* [Recorded data]
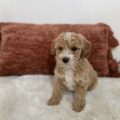 mini golden doodle puppies near me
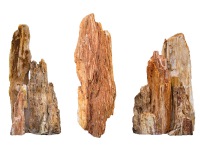Myanmar Petrified Stone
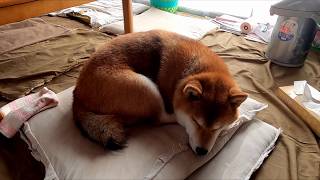 祝ショコラフレンチ復刻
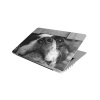 Laptop Skin/Sticker - Cute Staffie Photo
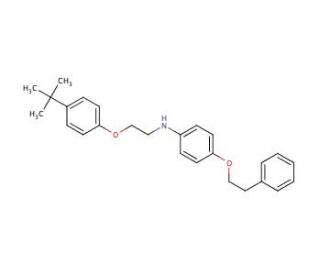 N-{2-[4-(tert-Butyl)phenoxy]ethyl}-4-(phenethyloxy)aniline - chemical structure image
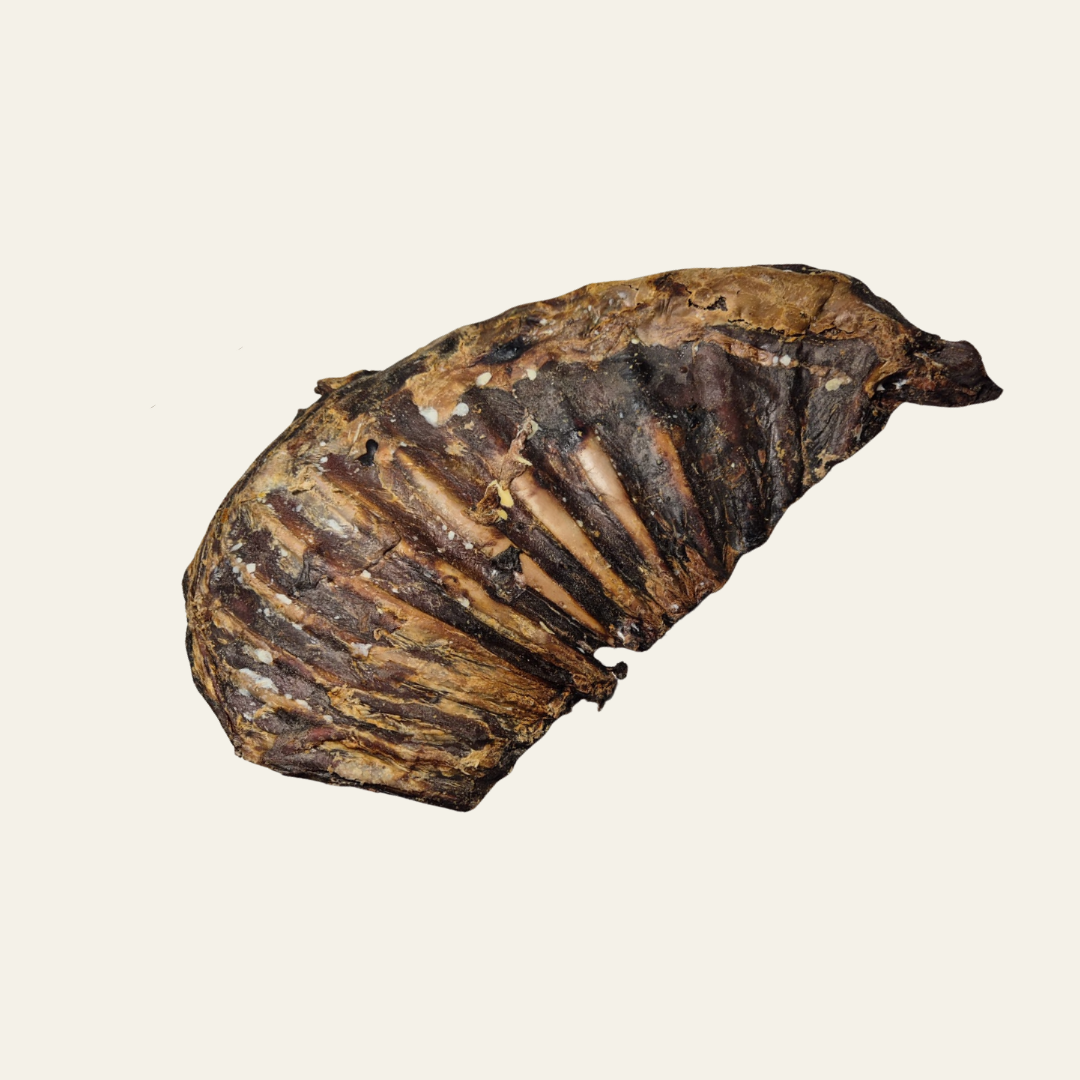 Rehrippen mit Fleisch – naturbelassener Kausnack für sensible Hunde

* [Exercise details] Each line of the data must be restated exactly, and the pictures must be left out.

* [Problem solution]
 mini golden doodle puppies near me
Myanmar Petrified Stone
 祝ショコラフレンチ復刻
 Laptop Skin/Sticker - Cute Staffie Photo
 N-{2-[4-(tert-Butyl)phenoxy]ethyl}-4-(phenethyloxy)aniline - chemical structure image
 Rehrippen mit Fleisch – naturbelassener Kausnack für sensible Hunde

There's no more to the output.